The lines to extract run from the first line of the material below to the line containing "You can see", both included; leave the pictures behind.

■ **RAW DATA**:
* * *

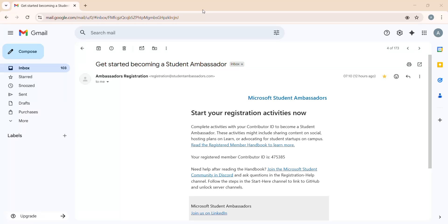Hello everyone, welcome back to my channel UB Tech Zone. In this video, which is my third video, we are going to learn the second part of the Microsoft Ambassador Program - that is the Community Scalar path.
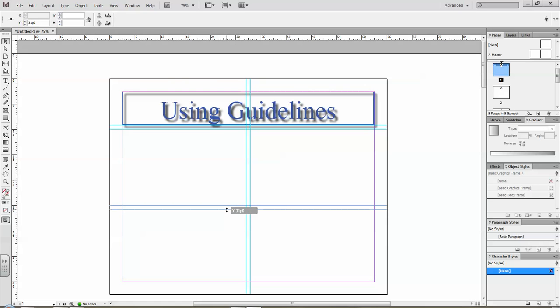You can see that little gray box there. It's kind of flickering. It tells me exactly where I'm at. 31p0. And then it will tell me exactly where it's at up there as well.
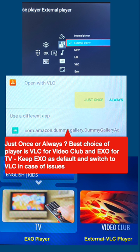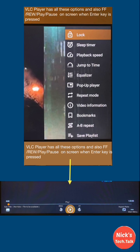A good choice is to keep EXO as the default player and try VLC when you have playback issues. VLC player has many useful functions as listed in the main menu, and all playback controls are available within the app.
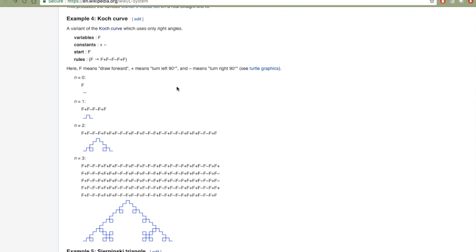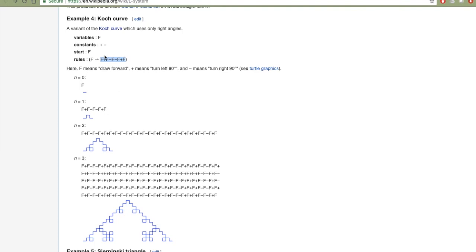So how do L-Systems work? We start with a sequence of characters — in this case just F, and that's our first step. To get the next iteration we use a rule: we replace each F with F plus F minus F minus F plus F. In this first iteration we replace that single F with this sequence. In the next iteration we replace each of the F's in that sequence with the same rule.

* * *

■ **ANSWER FOR THIS EXERCISE**:
Hello everyone, welcome back to my channel UB Tech Zone. In this video, which is my third video, we are going to learn the second part of the Microsoft Ambassador Program - that is the Community Scalar path.
You can see that little gray box there. It's kind of flickering. It tells me exactly where I'm at. 31p0. And then it will tell me exactly where it's at up there as well.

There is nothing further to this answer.